Naf Tourism Park is a proposed economic zone in the Jaliardip, Cox's Bazar and will be the first exclusive tourism park in Bangladesh. BEZA is developing this as part of its plan to develop 100 special economic zones throughout the country.

History 
The Cabinet Committee on Economic Affairs approved the project on 6 May 2015. Bangladesh Economic Zones Authority (BEZA) has planned to develop a new tourism park in Sabrang in Teknaf. But the government faced major challenges like lack of infrastructure such as water and power supplies and water treatment systems and the rehabilitation of farmers. Cox's Bazar is also prone to storms. The Sabrang site is vulnerable to flood and storm surges. The developer or authorities will have to bear high expenses for embankments and landfills.

Location 
Naf Tourism Park will be located in the Jaliardwip island which is situated in the middle of the Naf river that divides Myanmar and Bangladesh. The island is diverse and multifaceted as it has both hill and river view.

Construction 
The Department of Environment (DoE) has provided environmental clearance for the development of the Tourism Park. A feasibility study was carried out by the UNICONSULT- a German based consultancy firm, Environmental Impact Assessment (EIA) and Socio-economic Impact Assessment (SIA) was done by PricewaterhouseCoopers, India. The government has asked for bid for building various infrastructure for the tourists.

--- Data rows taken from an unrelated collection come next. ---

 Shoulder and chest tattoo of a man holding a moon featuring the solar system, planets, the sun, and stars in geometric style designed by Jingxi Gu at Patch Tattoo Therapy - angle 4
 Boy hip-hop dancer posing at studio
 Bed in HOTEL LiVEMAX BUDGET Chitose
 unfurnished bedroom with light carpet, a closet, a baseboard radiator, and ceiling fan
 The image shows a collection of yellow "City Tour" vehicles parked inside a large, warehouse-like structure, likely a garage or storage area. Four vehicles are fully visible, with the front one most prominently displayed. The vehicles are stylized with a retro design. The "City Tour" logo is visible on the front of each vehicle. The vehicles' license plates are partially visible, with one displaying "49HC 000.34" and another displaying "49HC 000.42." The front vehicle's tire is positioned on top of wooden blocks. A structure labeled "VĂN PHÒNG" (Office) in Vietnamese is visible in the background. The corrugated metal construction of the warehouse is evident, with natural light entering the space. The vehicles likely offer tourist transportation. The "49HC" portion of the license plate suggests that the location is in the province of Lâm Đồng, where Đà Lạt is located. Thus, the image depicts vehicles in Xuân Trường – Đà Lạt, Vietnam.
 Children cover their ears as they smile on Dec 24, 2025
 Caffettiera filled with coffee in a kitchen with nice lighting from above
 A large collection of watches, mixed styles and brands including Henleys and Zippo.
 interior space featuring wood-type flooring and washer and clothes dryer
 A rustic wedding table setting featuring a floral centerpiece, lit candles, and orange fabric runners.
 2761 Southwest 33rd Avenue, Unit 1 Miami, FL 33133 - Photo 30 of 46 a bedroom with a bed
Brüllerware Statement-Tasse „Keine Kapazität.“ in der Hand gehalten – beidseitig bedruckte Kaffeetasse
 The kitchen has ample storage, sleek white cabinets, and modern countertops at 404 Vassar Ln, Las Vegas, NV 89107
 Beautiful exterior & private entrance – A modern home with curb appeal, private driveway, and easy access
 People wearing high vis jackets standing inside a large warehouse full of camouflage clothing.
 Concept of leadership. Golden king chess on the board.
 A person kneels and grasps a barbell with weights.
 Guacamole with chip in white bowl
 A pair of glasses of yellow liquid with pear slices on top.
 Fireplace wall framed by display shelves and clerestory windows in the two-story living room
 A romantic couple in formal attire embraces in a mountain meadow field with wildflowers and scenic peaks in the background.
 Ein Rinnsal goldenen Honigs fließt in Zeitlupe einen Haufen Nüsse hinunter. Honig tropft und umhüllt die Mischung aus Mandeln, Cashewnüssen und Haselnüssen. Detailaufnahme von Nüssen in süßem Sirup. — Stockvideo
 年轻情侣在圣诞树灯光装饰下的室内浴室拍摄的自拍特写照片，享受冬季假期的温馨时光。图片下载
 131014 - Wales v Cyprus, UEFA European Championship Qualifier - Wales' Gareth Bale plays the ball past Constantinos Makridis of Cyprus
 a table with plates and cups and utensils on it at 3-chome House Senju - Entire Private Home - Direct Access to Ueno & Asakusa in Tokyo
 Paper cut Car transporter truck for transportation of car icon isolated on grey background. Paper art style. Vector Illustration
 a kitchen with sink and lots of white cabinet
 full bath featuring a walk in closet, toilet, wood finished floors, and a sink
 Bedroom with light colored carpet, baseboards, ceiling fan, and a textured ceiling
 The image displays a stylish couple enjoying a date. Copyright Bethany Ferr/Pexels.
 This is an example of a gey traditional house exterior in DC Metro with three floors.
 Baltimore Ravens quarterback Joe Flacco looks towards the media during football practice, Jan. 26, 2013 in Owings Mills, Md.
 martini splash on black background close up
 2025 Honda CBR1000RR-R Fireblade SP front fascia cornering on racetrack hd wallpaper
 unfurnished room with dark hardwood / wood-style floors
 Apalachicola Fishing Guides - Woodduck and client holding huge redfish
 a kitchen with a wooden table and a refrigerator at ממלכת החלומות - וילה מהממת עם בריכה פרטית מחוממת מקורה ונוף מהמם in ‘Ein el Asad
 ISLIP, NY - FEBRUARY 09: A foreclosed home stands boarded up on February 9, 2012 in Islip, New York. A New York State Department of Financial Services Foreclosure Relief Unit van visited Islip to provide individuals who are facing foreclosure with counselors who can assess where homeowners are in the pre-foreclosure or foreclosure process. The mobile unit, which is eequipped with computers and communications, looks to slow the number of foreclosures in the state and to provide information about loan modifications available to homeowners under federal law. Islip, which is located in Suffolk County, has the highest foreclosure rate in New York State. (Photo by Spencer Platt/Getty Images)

Prime Minister Sheikh Hasina laid the foundation stone of the project on 6 May 2017.

On 12 September 2018 Siam Siam International of Thailand signed an agreement with Bangladesh Economic Zones Authority (BEZA) to invest around $500 million for the infrastructure development. The development of the park will be done in  phases in the next five years.

Objections to the location 
A  group of environmentalists, opposes the project citing its status as a sanctuary of many animals. The soil level of this island also often remains submerged.